Tiffany & Co. revises down its profit forecasts following a year of currency headwinds
Luxury jewellery company Tiffany & Co. has lowered its profit expectations for this quarter. The news follows a slide in its worldwide sales in the company’s fourth quarter.
The company reports strong pressure on sales as a result of US dollar (USD) strength. This means that overseas sales result in less revenue when repatriated back into the US currency.
US dollar strength has made tourism to the United States more expensive, driving down the number of tourists to its shores. Tiffany & Co. attributes nearly a quarter of its US sales from foreign visitors.
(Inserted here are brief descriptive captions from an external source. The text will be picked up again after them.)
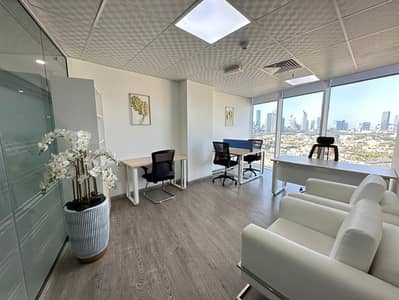 Office for Rent in Business Bay, Dubai - WhatsApp Image 2025-02-11 at 16.03. 48-16. jpeg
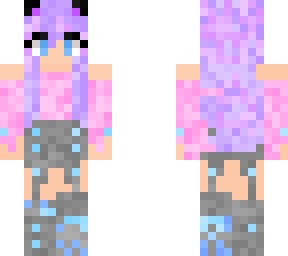 rena (oc)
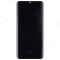 Дисплей для Huawei P30 Pro (VOG-L29) (в сборе с тачскрином) (черный) (ORIG) фото №1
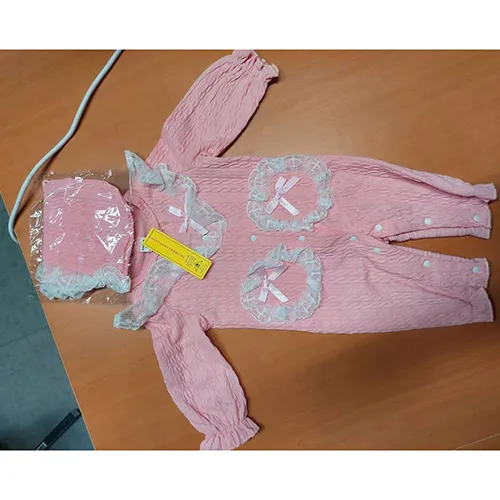 Shein - Children's romper suit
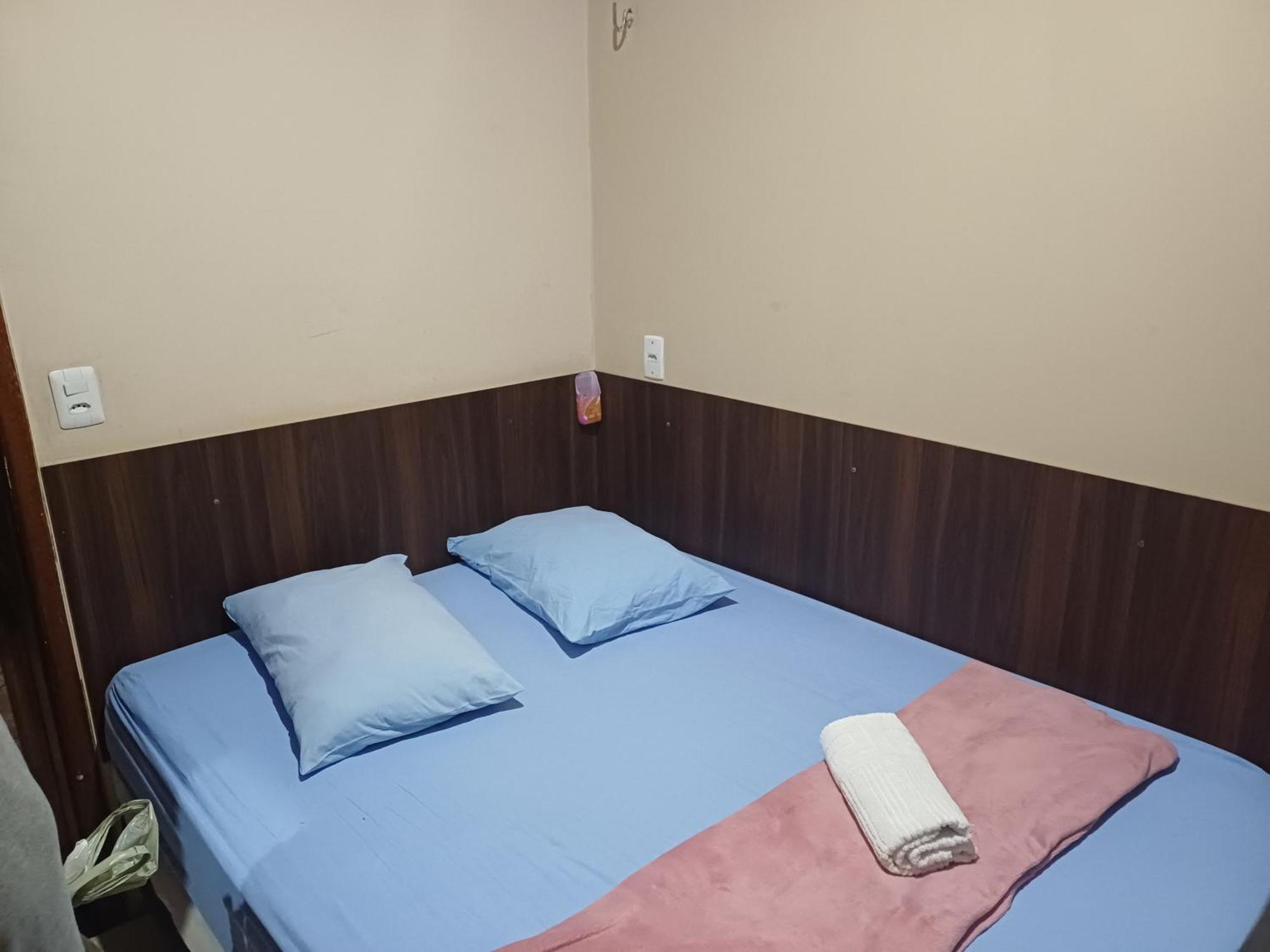 Casa Da Familia Carvalho - 986 Homestay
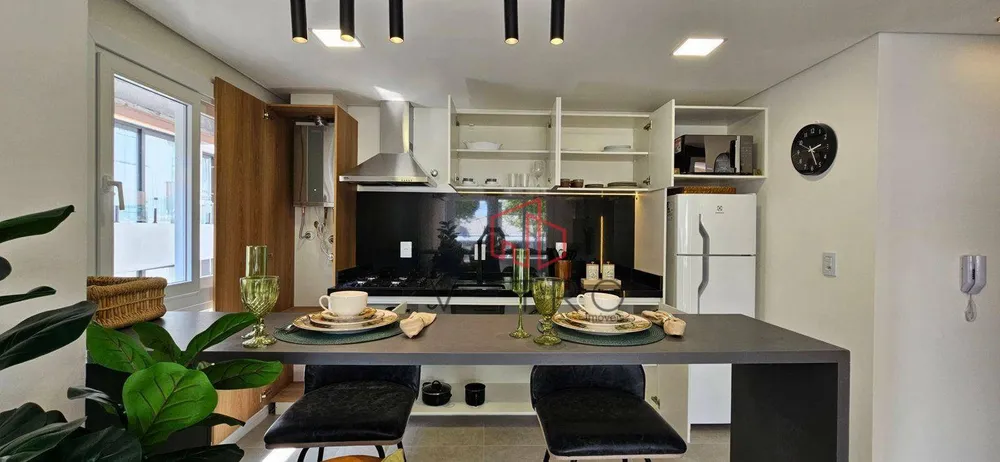 Apartamento, 1 quarto, 63 m² - Foto 5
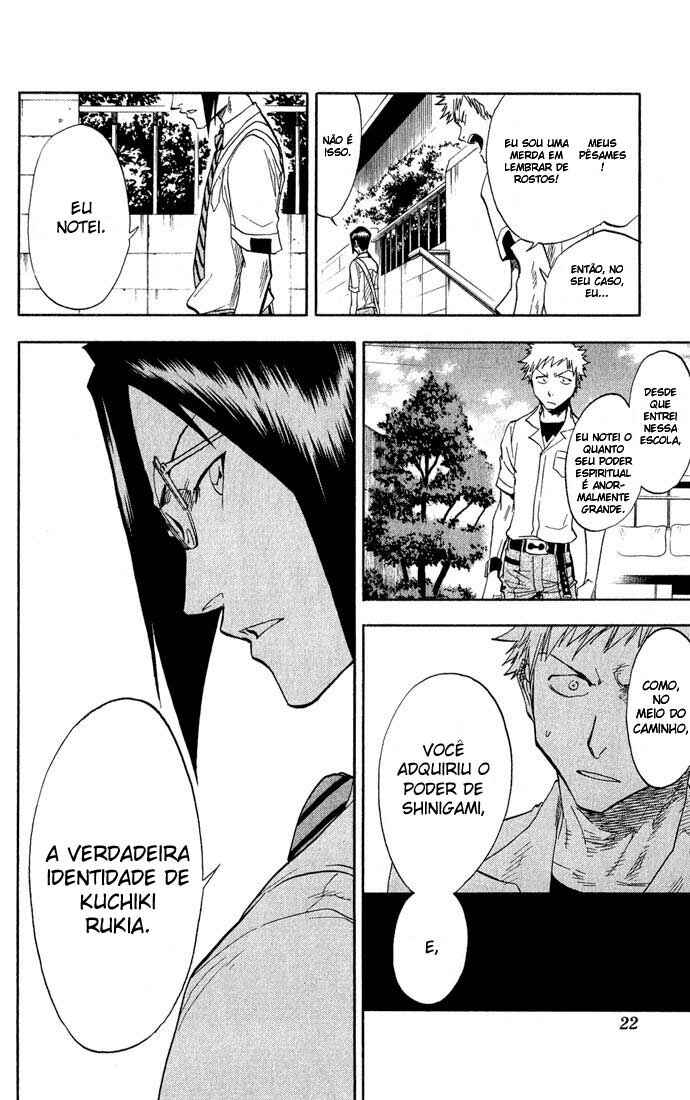 Read Bleach Pt Br Manga Online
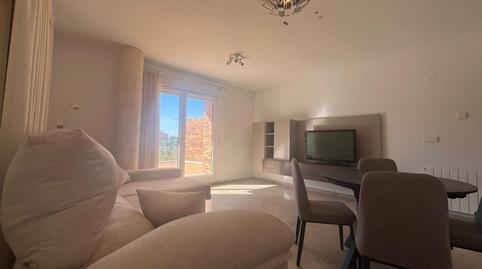 Photo 4 of Attic to rent in Avenida Juan Pablo II, Juan Carlos I,  Murcia Capital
This demographic also makes up more than 40% of sales at the company’s flagship store in Manhattan.
“We are assuming that sales and earnings growth in 2016 will continue to be pressured by various factors including a further strengthening of the dollar,” noted Frederic Cumenal, Chief Executive Officer of Tiffany & Co., “along with volatile and uncertain economic and equity market conditions that will likely affect consumer spending.”
“Dollar strength results in less revenue from overseas sales for US-based companies,” says Carl Hasty, Director of international payments specialist Smart Currency Business. “However, these companies – like Tiffany & Co. – face dollar volatility due to a wide range of economic risks. It is not only dollar strength they have to worry about, but currency exchange fluctuations.”
The company now expects earnings per share to fall 15% to 20% in this quarter, and 5% to 10% in the next quarter, followed by growth in the latter half of 2016.